*Task input*:
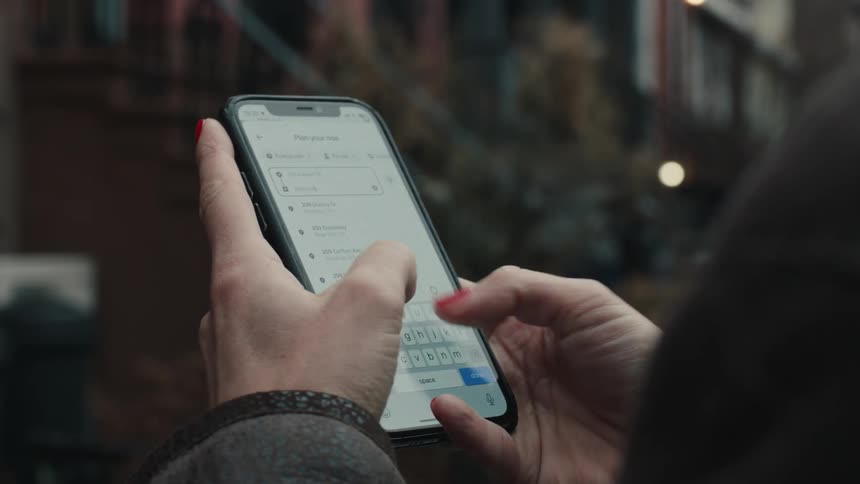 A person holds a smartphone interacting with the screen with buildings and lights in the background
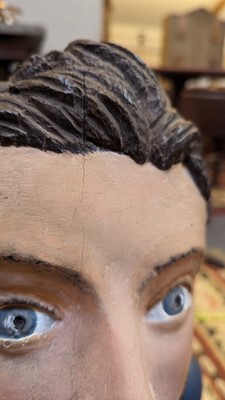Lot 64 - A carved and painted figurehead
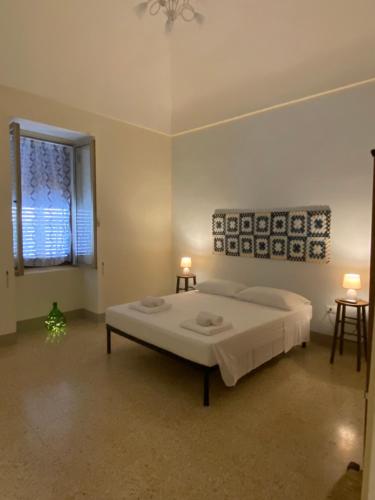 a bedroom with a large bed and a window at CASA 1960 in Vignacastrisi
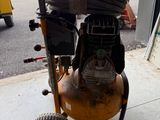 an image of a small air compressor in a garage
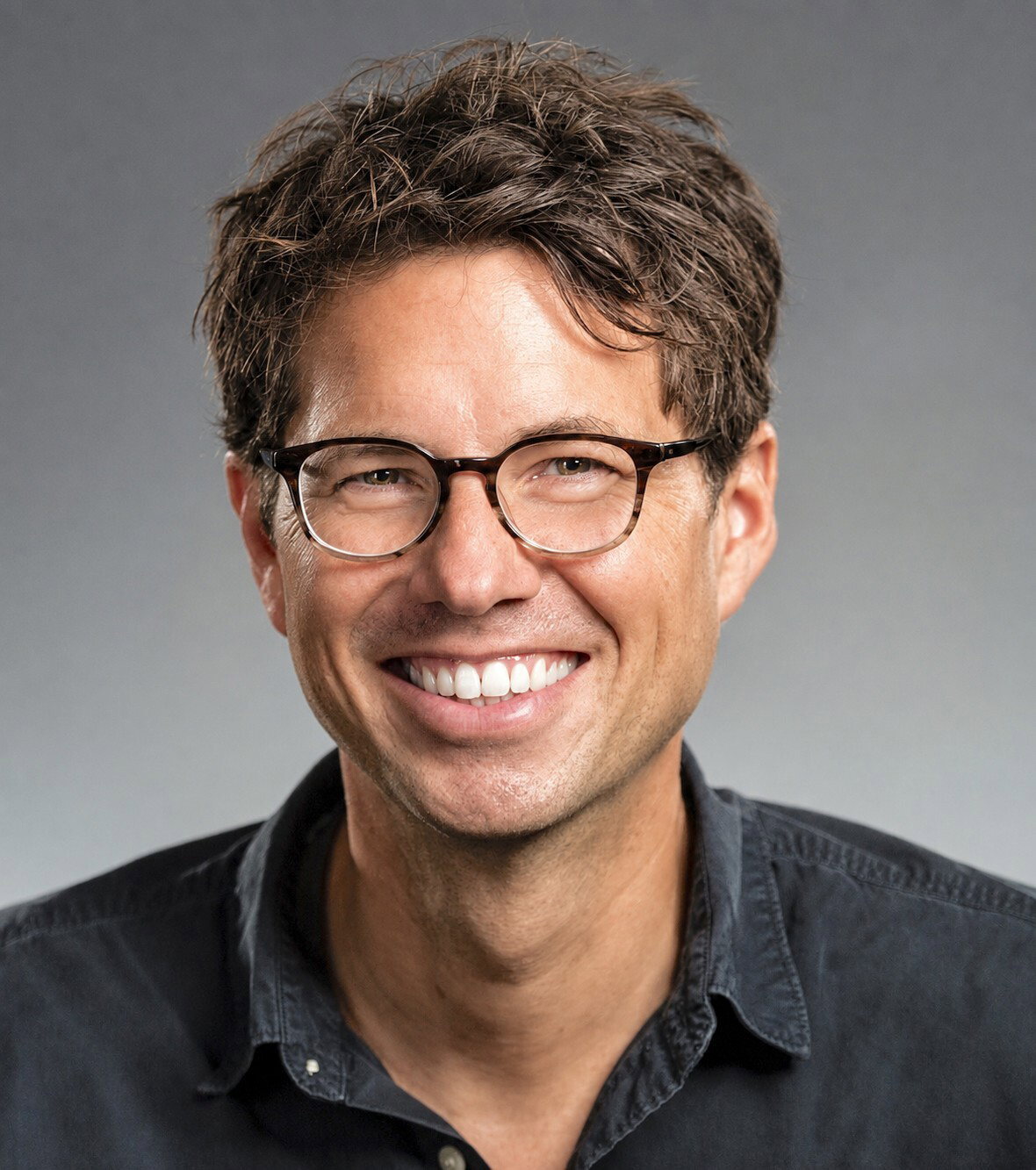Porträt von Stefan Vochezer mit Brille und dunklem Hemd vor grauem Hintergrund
...
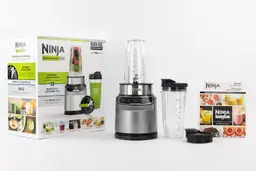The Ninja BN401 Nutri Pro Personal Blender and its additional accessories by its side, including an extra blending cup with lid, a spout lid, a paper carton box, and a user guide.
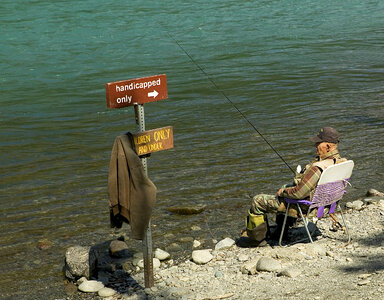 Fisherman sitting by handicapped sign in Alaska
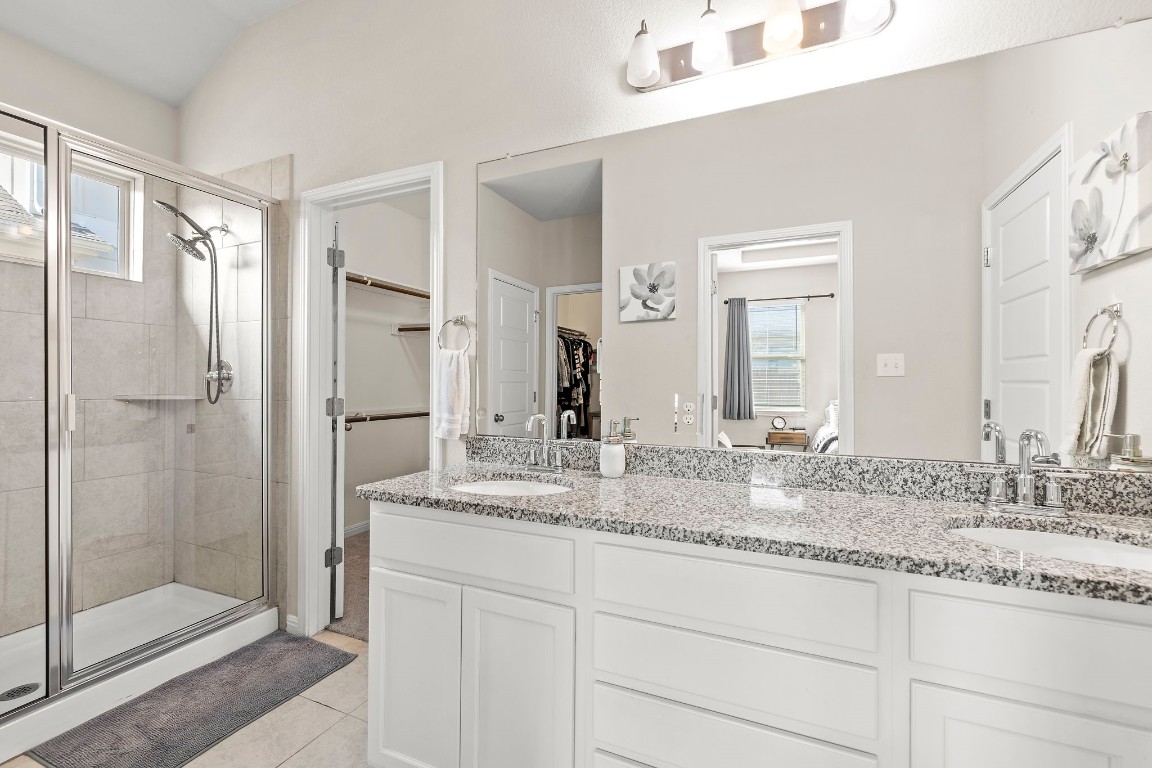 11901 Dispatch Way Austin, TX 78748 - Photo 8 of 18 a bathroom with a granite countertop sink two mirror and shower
==
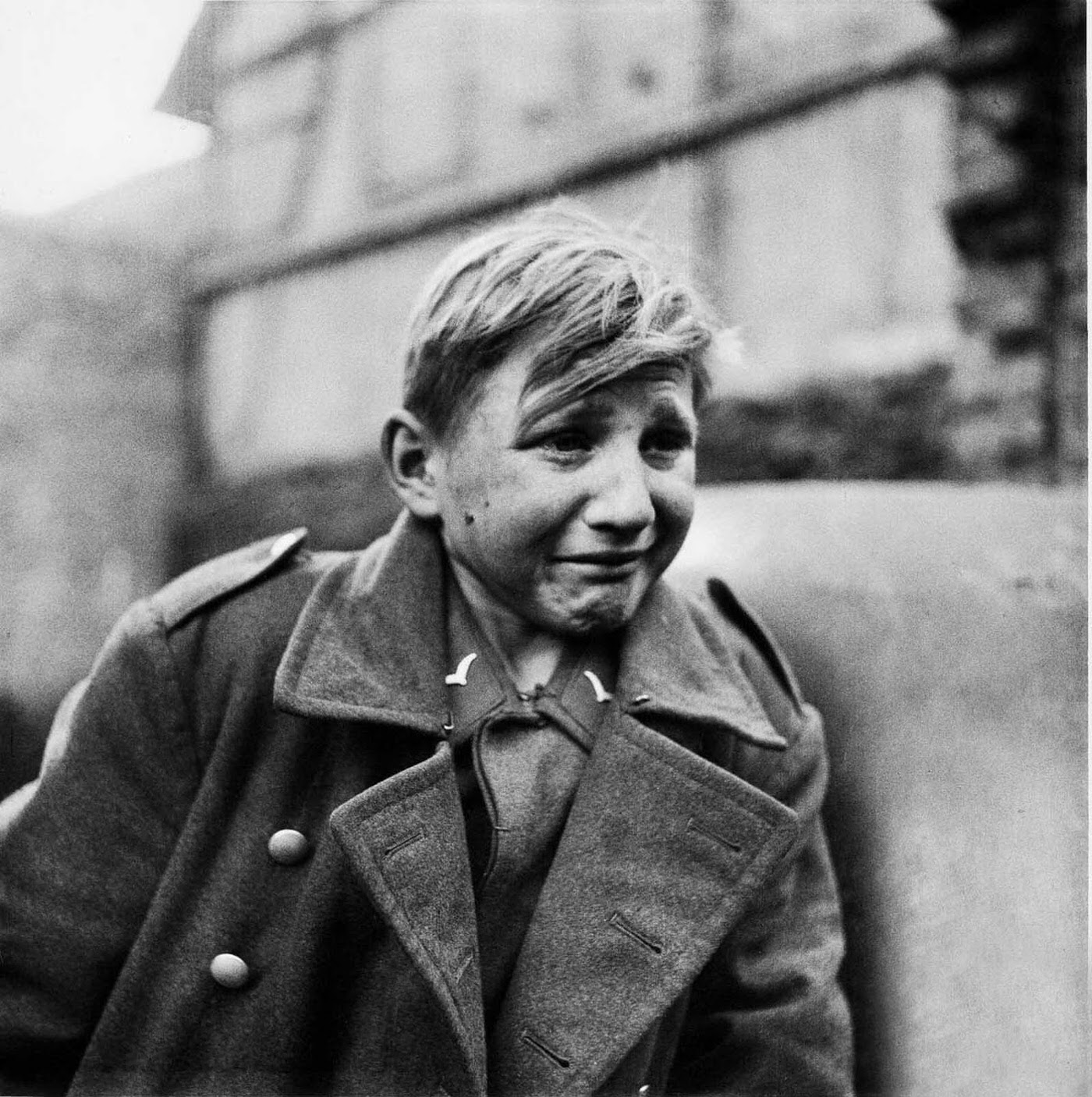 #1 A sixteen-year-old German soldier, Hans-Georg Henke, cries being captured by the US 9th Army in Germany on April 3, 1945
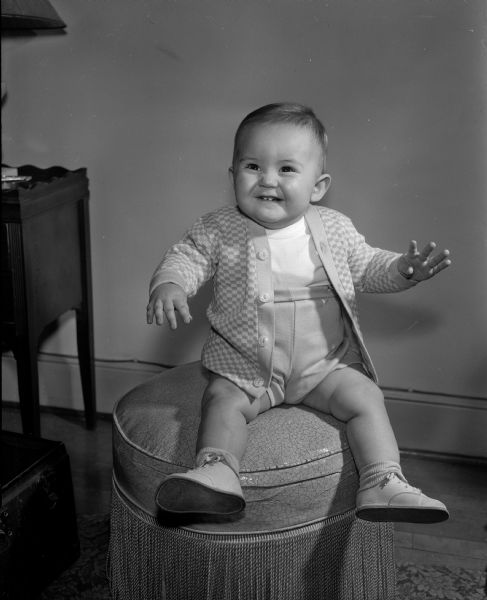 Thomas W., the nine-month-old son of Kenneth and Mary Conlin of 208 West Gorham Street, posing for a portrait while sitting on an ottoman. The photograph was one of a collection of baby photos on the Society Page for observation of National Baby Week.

*Your objective*: Please repeat the lines of the material above exactly, starting with the line that contains "The Ninja BN401" and ending with the line that contains "Fisherman sitting by". Leave the pictures out.

*Result*:
The Ninja BN401 Nutri Pro Personal Blender and its additional accessories by its side, including an extra blending cup with lid, a spout lid, a paper carton box, and a user guide.
 Fisherman sitting by handicapped sign in Alaska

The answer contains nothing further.